→ SOURCE MATERIAL
------------------------------
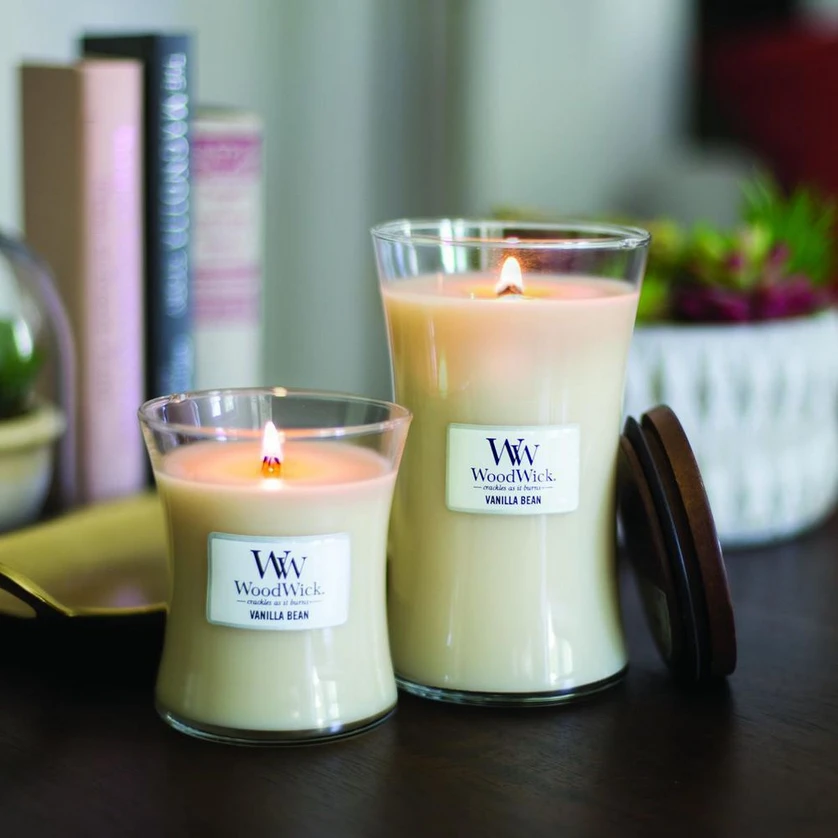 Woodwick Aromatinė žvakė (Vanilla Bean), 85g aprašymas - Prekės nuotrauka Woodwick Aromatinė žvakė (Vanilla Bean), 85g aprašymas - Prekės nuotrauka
------------------------------
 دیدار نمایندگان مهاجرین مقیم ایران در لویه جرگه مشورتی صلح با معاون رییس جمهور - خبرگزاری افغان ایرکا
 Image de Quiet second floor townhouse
------------------------------
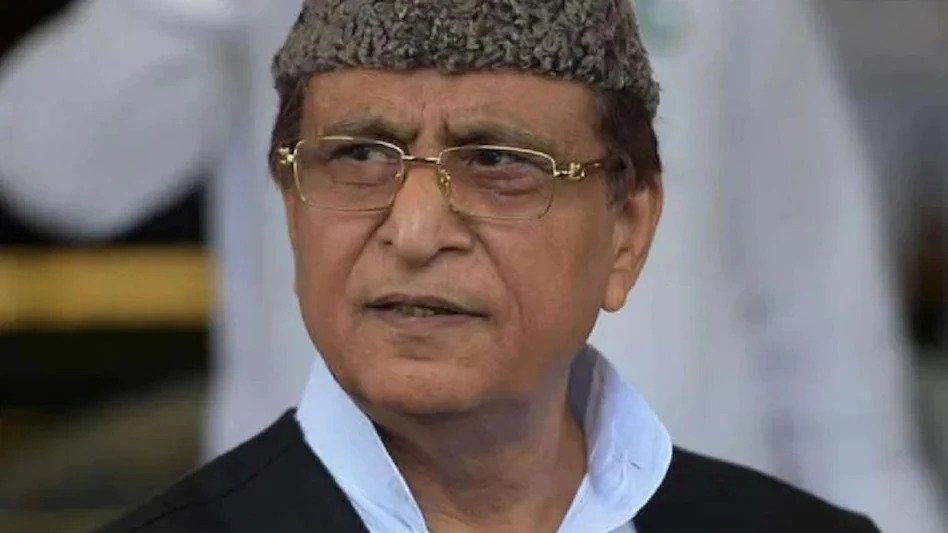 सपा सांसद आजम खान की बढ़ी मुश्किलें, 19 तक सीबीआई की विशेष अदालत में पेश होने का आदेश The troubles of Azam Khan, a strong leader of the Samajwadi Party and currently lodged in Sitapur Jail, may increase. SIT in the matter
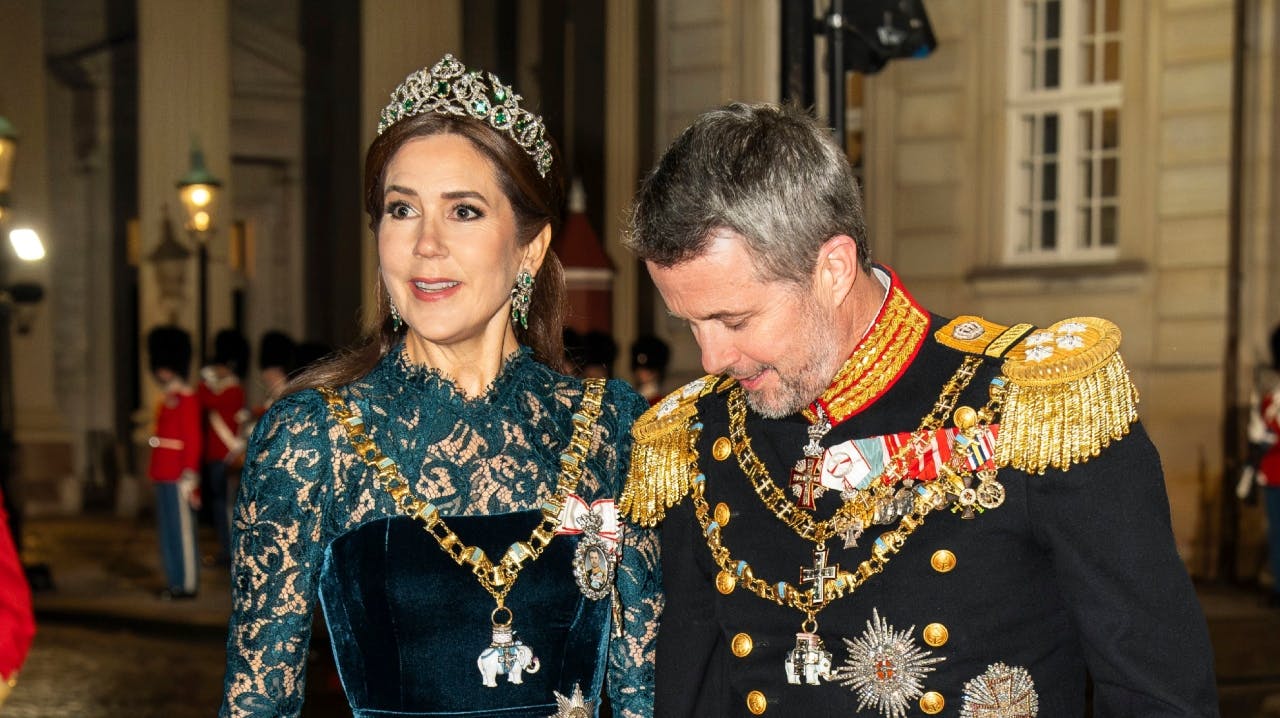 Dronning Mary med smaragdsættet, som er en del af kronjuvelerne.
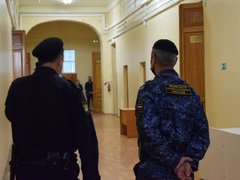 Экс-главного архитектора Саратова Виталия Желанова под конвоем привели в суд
------------------------------
→ YOUR OBJECTIVE
Everything from the line with "دیدار نمایندگان مهاجرین" through the line with "Image de Quiet second floor townhouse" should be written out exactly as it appears above, end lines included, and nothing outside that range.

→ RESULT
 دیدار نمایندگان مهاجرین مقیم ایران در لویه جرگه مشورتی صلح با معاون رییس جمهور - خبرگزاری افغان ایرکا
 Image de Quiet second floor townhouse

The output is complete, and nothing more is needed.